Skin-sparing mastectomies, for instance, "have allowed us to go to the pinnacle of reconstruction because the eggshell of the breast, which was routinely sacrificed, is spared," Dr. Robb says. "This skin creates a nice envelope or 'skin brassiere' for us to fill with reconstructive tissue. With this foundation intact, we can build a more natural-looking breast and one that closely resembles the existing one."
 
While breast implants are still used today, the most popular reconstruction performed is the TRAM (transverse rectus abdominis myocutaneous) flap. Better known as the "tummy tuck," this technique involves the transfer of fat and muscle from a woman's abdomen to the chest wall. Although free flaps from the back, hip and buttocks also can be used, the TRAM flap is considered the best because the abdominal tissue most resembles the texture of a normal breast, according to Dr. Kroll.
 
"As opposed to implants, breasts reconstructed with autologous tissue will look, feel and move like a normal breast, as well as change size if a woman loses or gains weight," Dr.

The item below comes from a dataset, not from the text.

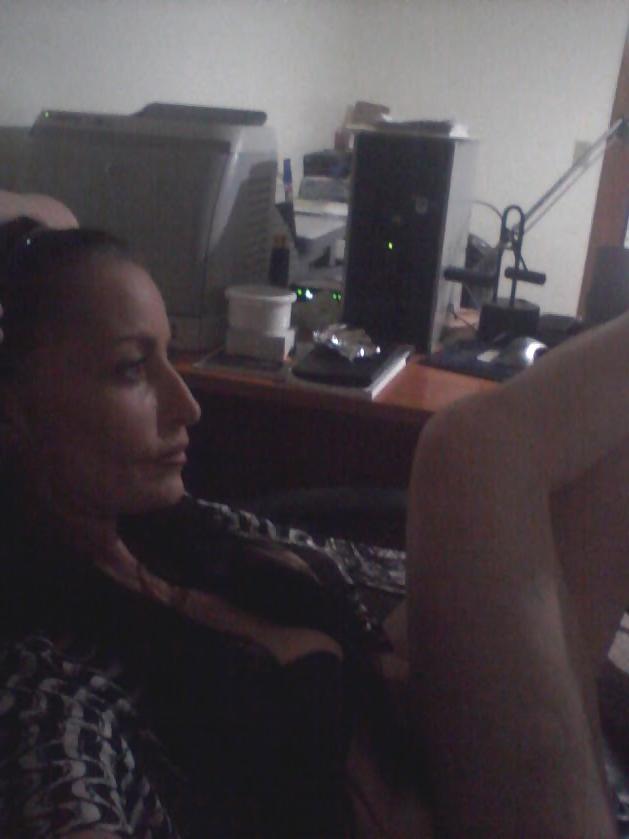 19P Naughty latina cougar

Kroll says. "Breast implants don't offer this same quality. Typically, they are less soft, less natural and more subject to change over time.
 
"The results we get from the TRAM flap procedure can be wonderful," Dr. Kroll adds.
 
Falgout, who had a bilateral TRAM flap reconstruction, concurs. "When I first saw my breasts after the surgery, I was totally amazed. They were beautiful. I finally felt like one of the girls again!"